• _Your goal_: Below is a listing; print exactly its lines from the one containing "Eyelash Brow Microblade." down to the one containing "Plant-based Cheesy Nachos Burger Menu", both inclusive, with every picture left out.

#### Data

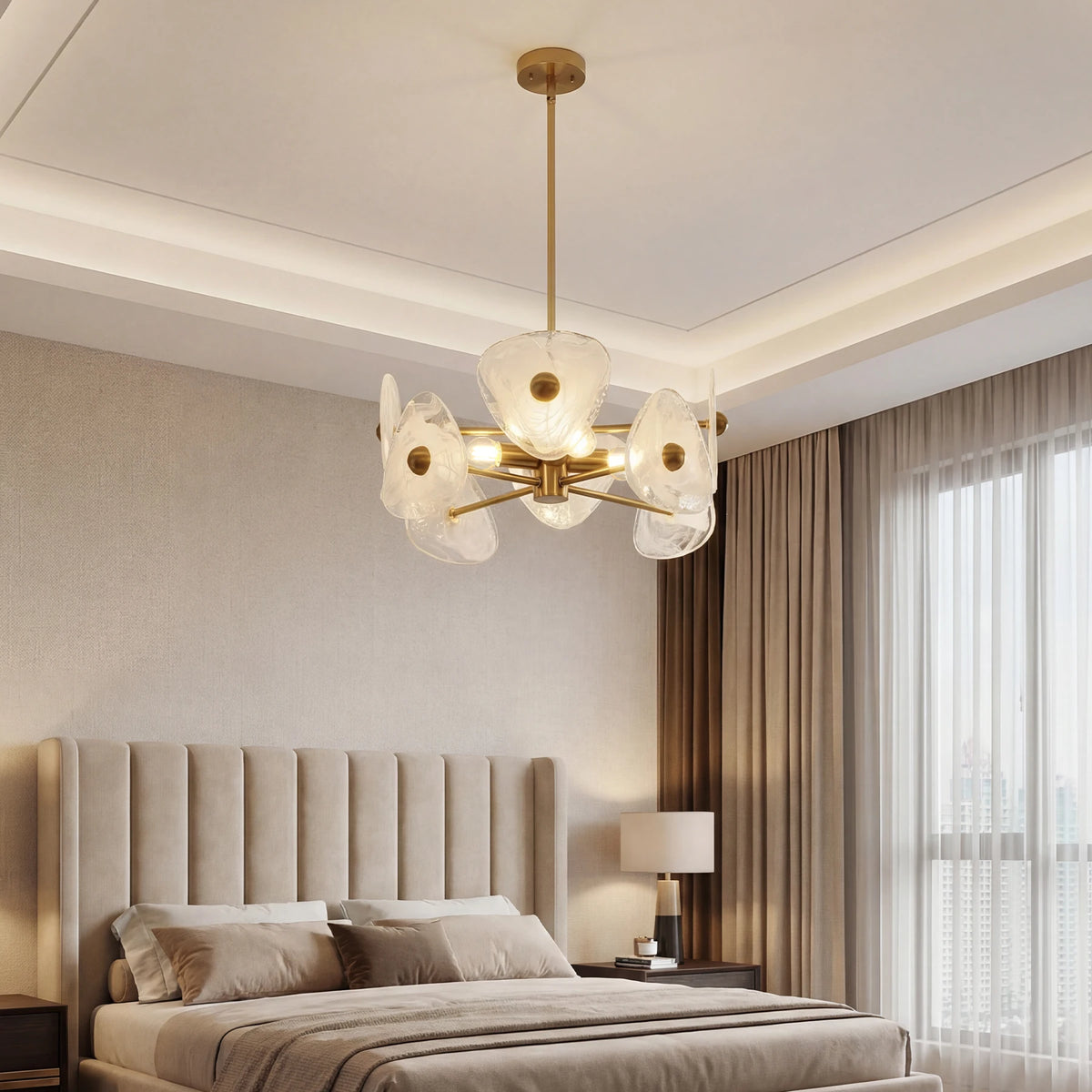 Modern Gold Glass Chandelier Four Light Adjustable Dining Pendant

########
#### Data

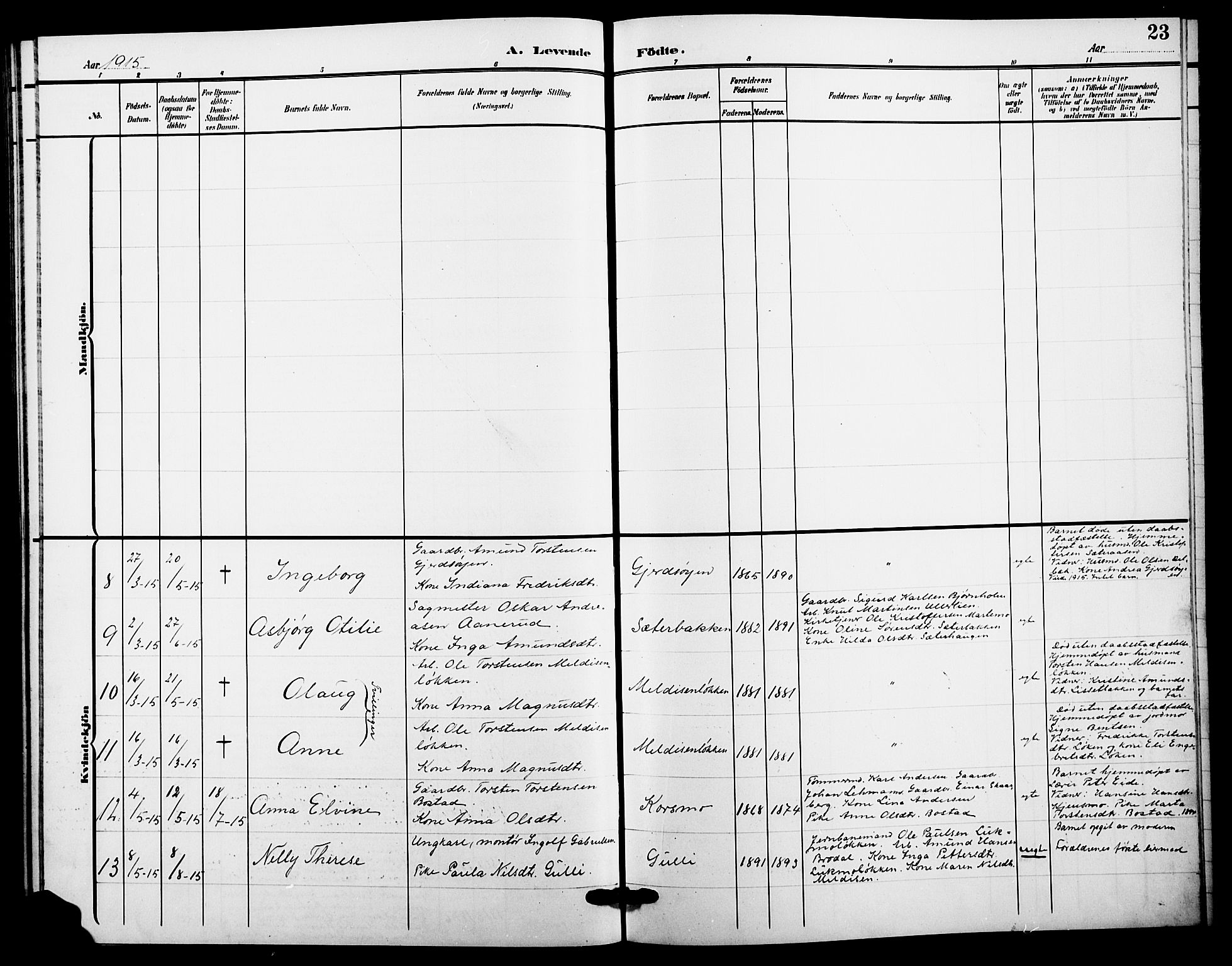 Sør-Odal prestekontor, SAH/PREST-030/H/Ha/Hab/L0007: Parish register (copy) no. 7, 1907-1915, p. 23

########
#### Data

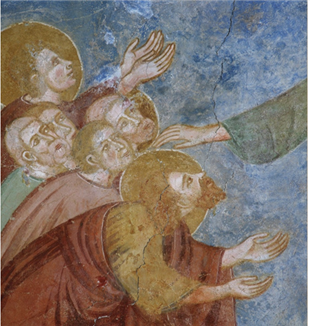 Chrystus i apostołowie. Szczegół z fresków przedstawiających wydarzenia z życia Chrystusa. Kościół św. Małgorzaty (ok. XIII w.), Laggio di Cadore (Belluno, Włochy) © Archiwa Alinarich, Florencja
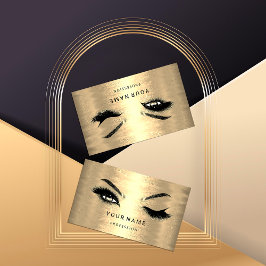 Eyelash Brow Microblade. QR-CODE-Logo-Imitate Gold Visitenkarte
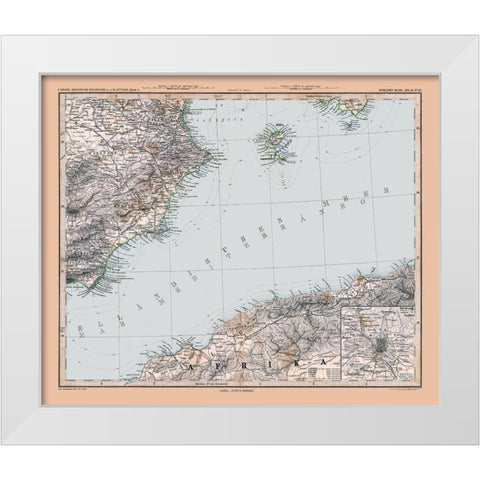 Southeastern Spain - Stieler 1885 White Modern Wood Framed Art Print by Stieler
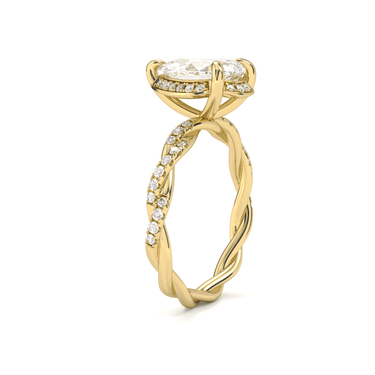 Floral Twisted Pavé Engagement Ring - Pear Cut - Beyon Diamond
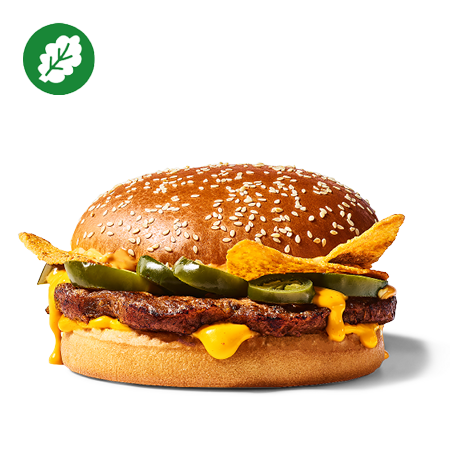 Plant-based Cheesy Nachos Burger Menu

########

• _Result of this exercise_:
 Eyelash Brow Microblade. QR-CODE-Logo-Imitate Gold Visitenkarte
 Southeastern Spain - Stieler 1885 White Modern Wood Framed Art Print by Stieler
 Floral Twisted Pavé Engagement Ring - Pear Cut - Beyon Diamond
 Plant-based Cheesy Nachos Burger Menu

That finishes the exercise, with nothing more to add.